Mr. Van Hollen (for himself, Mr. Wyden, Mr. Whitehouse, Ms. Warren, Mr. 
Warner, Ms. Smith, Mr. Schatz, Mr. Sanders, Mr. Bennet, Mr. Booker, Mr. 
  Brown, Mr. Blumenthal, Mr. Cardin, Mr. Coons, Ms. Cortez Masto, Ms. 
      Duckworth, Mr. Durbin, Mrs. Feinstein, Mrs. Gillibrand, Mr. 
 Hickenlooper, Ms. Hirono, Mr. Kaine, Ms. Klobuchar, Mr. Markey, Mrs. 
Murray, Mr. Padilla, Mr. Reed, and Ms.

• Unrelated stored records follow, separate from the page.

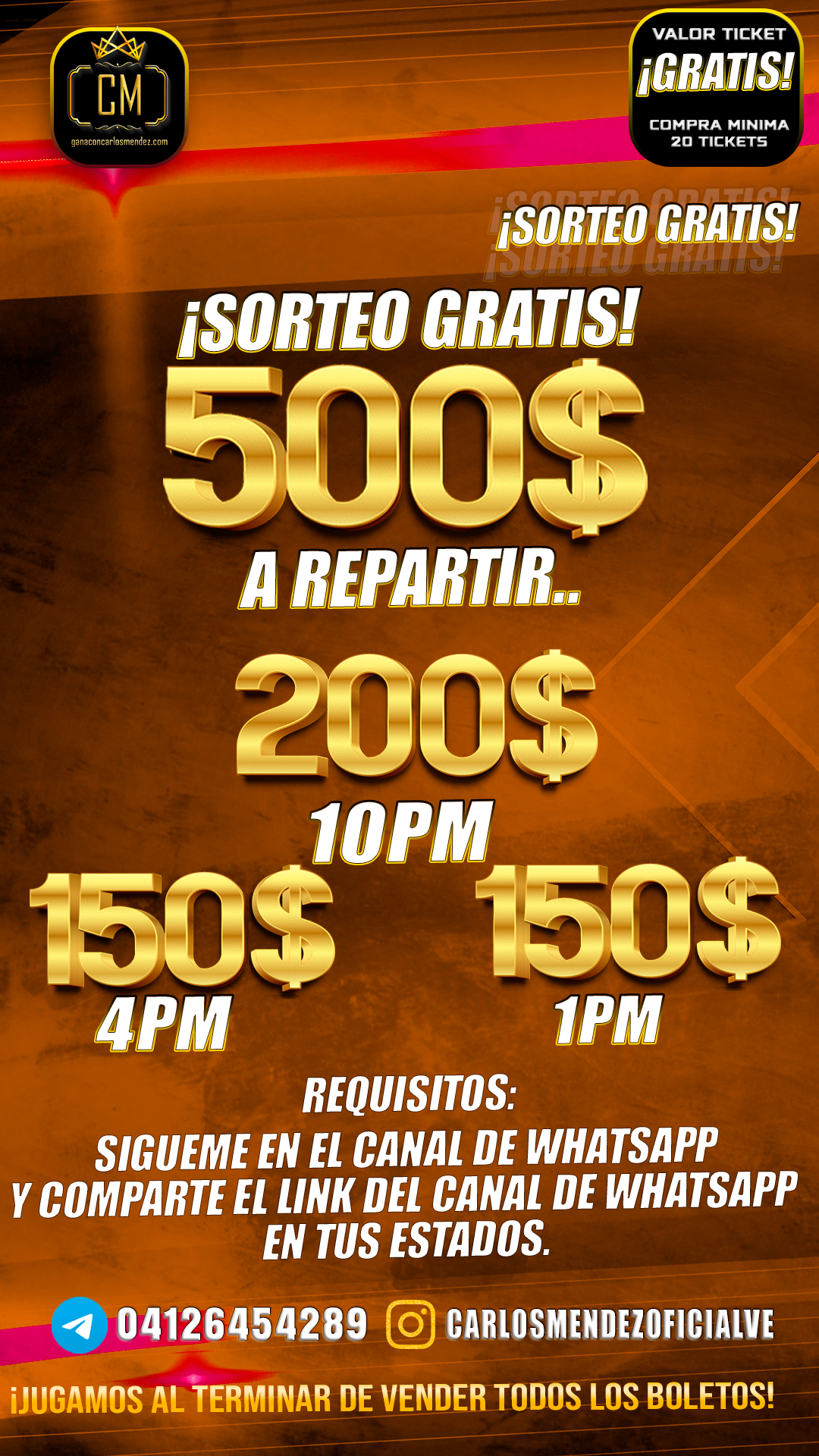 SORTEO GRATIS  500$ A REPARTIR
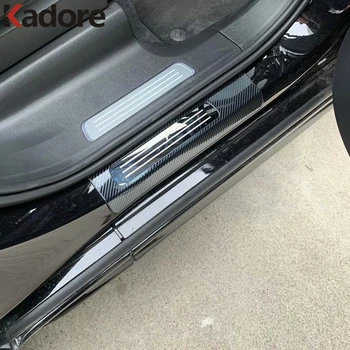 Para Volvo XC90 2016 2017 2018 2019 2020 Acero Inoxidable de la Puerta del Lado del Umbral de la Tira Protector de Rozaduras de la Placa de la etiqueta Engomada de Accesorios Exteriores
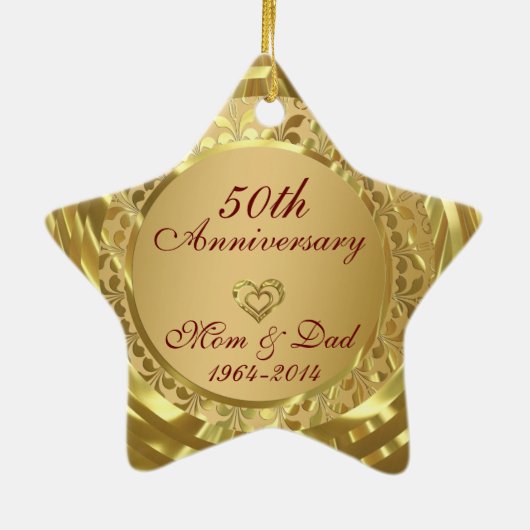 GlanzGold 50. Hochzeitstag Keramikornament (Hinten)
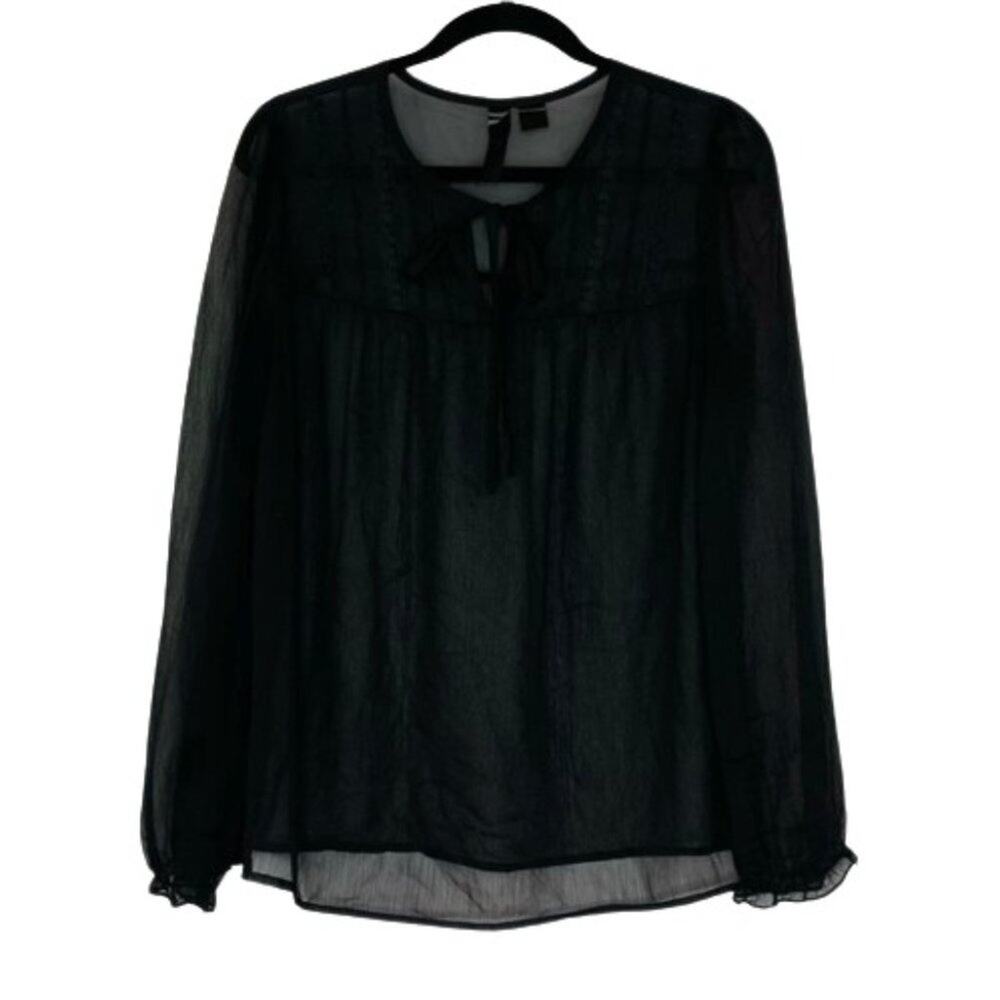 Petticoat Alley black sheer long sleeve blouse size Medium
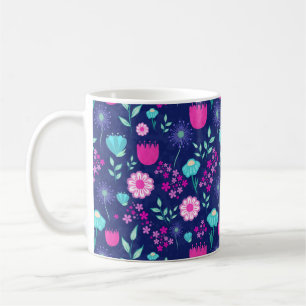 Caneca De Café Flores Delicadas e Detalhes Botânicos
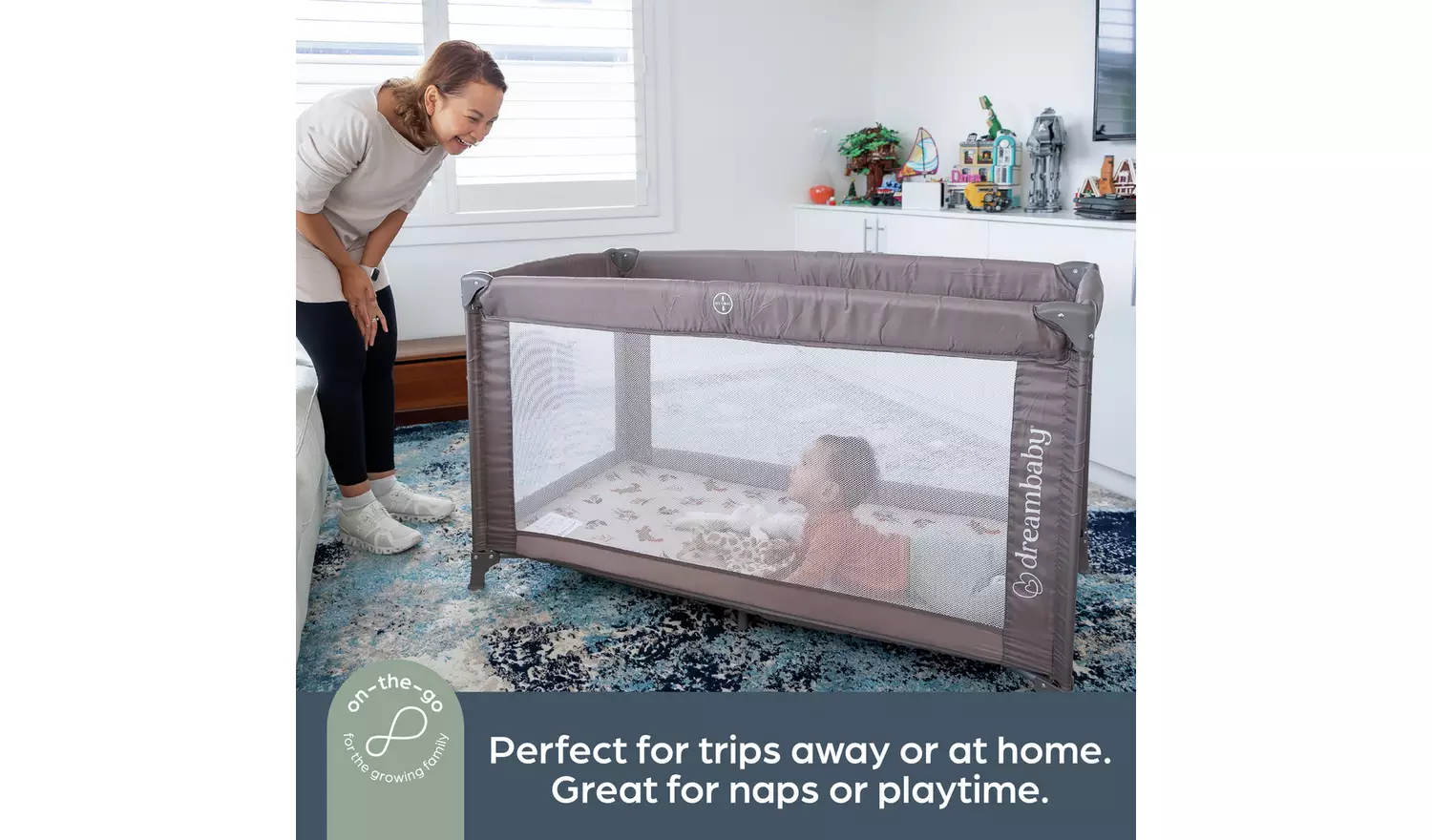 Dreambaby Quest Full Cot Size Travel Cot 120x60cm- Taupe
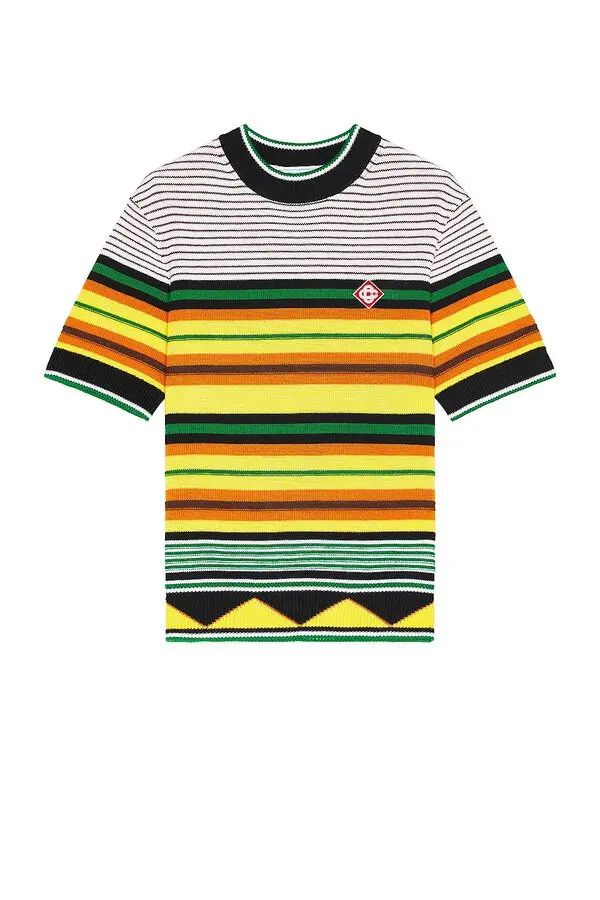 Casablanca o1mle0326 Knitted Wool T-Shirt Multi Stripe in Multicolor Size US XS / EU 42 / 0 - 1 Thumbnail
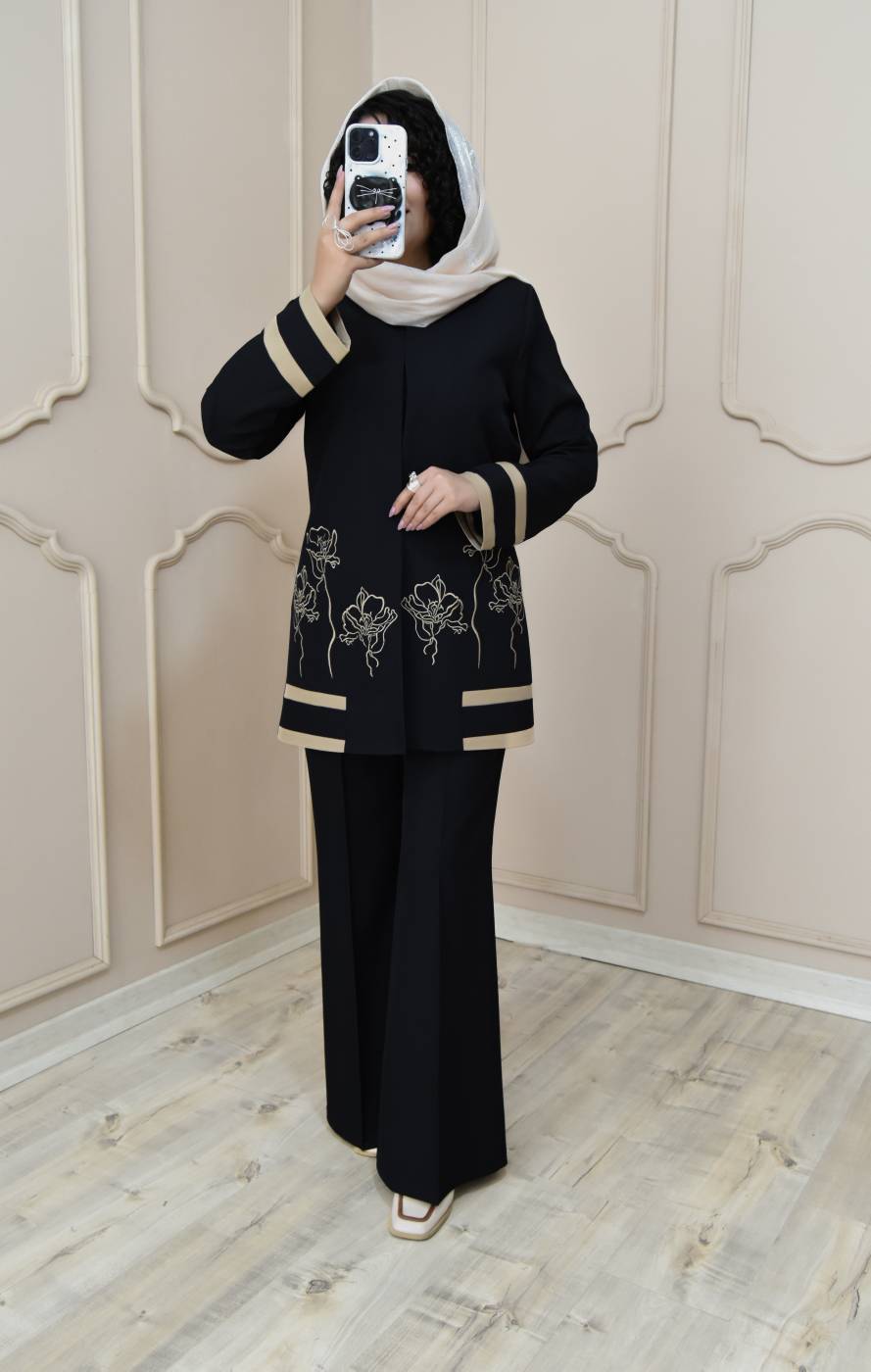 کت و شلوار گلدوزی مدل رویا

Rosen) introduced the following 
    bill; which was read twice and referred to the Committee on the 
                               Judiciary

_______________________________________________________________________

                                 A BILL


 
 To provide a process for granting lawful permanent resident status to 
     aliens from certain countries who meet specified eligibility 
                 requirements, and for other purposes.

    Be it enacted by the Senate and House of Representatives of the 
United States of America in Congress assembled,

SECTION 1. SHORT TITLES.

    This Act may be cited as the ``Safe Environment from Countries 
Under Repression and Emergency Act'' or the ``SECURE Act''.

SEC. 2. ADJUSTMENT OF STATUS OF CERTAIN FOREIGN NATIONALS.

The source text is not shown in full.